The Gulag was a system of forced labor camps established by Cheka in 1919 in the Soviet Union, but it wasn’t until the early 1930s that the population of these camps became significant.  By then it was under the control of the Main Directorate of Corrective Labor Camps commonly called the Gulag.  It was no longer operated by the Cheka, but now was under the NKVD, and later the KGB.  All of these organizations were parts of the secret police.  It continued to operate from 1919, but was mainly disbanded after the death of Stalin in 1953.  Parts of the Gulag continued to operate until the days of Gorbachev into the 1990s.  The fall of the Soviet Union in 1991 finally wrote “finish” to the Gulag.

This is one of the gold mining camps in the Gulag.
The prisoners in the Gulag comprised a polyglot group of including murderers, thieves and political and religious dissenters forced to work under barbaric conditions. The Soviets used Gulag Labor for many projects beside mining gold they were also used to build the White Sea – Baltic Canal, the Moscow – Volga canal, the Baikal – Amur main railroad line, a large number of hydroelectric installations, numerous industrial projects in remote areas of the Soviet Union.  It was Gulag manpower that did most of the country’s lumbering and mining for coal, copper and gold. 

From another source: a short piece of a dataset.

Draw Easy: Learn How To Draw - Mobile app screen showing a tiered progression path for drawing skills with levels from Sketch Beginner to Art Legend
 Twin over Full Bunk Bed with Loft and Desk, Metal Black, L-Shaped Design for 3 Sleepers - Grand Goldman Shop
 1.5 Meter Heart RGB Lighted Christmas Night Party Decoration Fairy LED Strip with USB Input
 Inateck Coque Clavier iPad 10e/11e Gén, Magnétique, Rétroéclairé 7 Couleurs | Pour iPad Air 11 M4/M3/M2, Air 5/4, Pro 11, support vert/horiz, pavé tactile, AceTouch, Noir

Gold was what they mined in the Kolyma Basin, placer gold that was mined by prisoners. A book was published the Gulag Archipelago by Aleksandr Solzhenitsyn a survivor of the camps gives a graphic description of life in the Gulag. Solzhenitsyn was eventually released from the Gulag and exiled from the Soviet Union to settle in the United States where he made his home in Vermont.  The downfall of the Soviet Union saw Solzhenitsyn return to Russia. Today his book, the Gulag Archipelago is required reading in all the schools of Russia as a reminder of what happened in the Gulag.  Not since the days of the Roman Empire had miners labored under such conditions.